India will launch its first Geo Imaging Satellite (GISAT-1) to observe the Earth on March 5
The GISAT-1 will also enable quick monitoring of natural disasters
The satellite will provide a real-time image of a large area of the region of interest at frequent intervals. The GISAT-1 will also enable quick monitoring of natural disasters, episodic events and any short term events. According to the Indian Space Research Organisation (ISRO), the GISAT-1 will also provide spectral signatures for agriculture, forestry, mineralogy, disaster warning, cloud properties, snow, glaciers and oceanography.
The satellite will have payload imaging sensors of six band multi-spectral visible and near infra-red with 42 metres resolution; 158 bands hyper-spectral visible and near infra-red with 318 metres resolution and 256 bands hyper-spectral short wave infra-red with 191 metres resolution. Weighing 2,268 kg, the GISAT-1 will be carried by the three-stage geosynchronous satellite launch vehicle (GSLV-F10). The rocket is expected to lift off at 5.43 p.m. on March 5 from the second launch pad at India's rocket port at Sriharikota in Andhra Pradesh.

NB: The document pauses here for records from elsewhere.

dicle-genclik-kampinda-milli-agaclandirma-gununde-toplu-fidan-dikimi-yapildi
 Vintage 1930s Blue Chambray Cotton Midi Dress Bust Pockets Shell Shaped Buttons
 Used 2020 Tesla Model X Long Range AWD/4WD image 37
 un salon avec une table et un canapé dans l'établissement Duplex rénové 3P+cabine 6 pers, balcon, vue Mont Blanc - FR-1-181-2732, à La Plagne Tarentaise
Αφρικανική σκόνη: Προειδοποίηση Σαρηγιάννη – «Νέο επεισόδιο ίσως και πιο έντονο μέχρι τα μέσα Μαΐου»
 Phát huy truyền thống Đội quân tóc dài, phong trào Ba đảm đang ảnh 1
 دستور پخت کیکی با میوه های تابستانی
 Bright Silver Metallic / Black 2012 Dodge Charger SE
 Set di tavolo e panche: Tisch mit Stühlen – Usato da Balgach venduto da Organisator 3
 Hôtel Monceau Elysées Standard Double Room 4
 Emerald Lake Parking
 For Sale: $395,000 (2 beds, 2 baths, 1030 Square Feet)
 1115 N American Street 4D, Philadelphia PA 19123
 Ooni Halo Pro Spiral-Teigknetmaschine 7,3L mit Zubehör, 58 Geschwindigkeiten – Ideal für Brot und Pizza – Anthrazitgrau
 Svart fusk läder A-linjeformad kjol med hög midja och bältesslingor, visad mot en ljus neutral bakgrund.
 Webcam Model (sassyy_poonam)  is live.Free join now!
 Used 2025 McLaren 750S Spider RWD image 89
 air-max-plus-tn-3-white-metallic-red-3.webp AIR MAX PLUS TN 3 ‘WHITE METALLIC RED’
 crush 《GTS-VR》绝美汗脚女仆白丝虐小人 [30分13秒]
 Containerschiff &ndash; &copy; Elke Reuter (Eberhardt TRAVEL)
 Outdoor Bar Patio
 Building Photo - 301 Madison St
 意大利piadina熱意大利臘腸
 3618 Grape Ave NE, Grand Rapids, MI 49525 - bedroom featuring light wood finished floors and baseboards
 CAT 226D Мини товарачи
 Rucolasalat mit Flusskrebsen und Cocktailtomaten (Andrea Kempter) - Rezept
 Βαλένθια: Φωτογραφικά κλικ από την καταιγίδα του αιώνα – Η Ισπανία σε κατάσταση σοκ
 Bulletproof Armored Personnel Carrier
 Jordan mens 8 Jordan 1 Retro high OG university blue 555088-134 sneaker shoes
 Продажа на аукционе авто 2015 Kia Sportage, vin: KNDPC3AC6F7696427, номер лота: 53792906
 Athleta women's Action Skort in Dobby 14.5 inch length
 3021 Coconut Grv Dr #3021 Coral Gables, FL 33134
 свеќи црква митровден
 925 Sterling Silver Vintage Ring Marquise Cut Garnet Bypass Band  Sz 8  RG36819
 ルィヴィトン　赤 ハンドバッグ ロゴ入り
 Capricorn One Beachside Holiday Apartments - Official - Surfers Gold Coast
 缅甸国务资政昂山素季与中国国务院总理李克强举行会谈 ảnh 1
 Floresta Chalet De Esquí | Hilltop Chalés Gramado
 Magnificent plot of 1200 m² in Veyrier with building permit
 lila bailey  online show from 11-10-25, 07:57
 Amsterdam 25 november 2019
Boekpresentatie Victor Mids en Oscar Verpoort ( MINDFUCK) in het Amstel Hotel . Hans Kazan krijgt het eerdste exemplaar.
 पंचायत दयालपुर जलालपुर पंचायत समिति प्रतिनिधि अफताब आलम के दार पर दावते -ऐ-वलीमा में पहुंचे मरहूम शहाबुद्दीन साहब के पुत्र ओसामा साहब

About 18 minutes into the flight the GSLV rocket will first place GISAT-1 in a Geosynchronous Transfer Orbit (GTO). From GTO, the satellite will be taken up further firing its onboard motors to geostationary orbit. A satellite in geostationary orbit (about 36,000 km above earth) has an orbital period equal to earth's rotational period. A four-metre diameter Ogive shaped payload fairing (heat shield) is being flown for the first time in this GSLV flight. This is the fourteenth flight of the GSLV.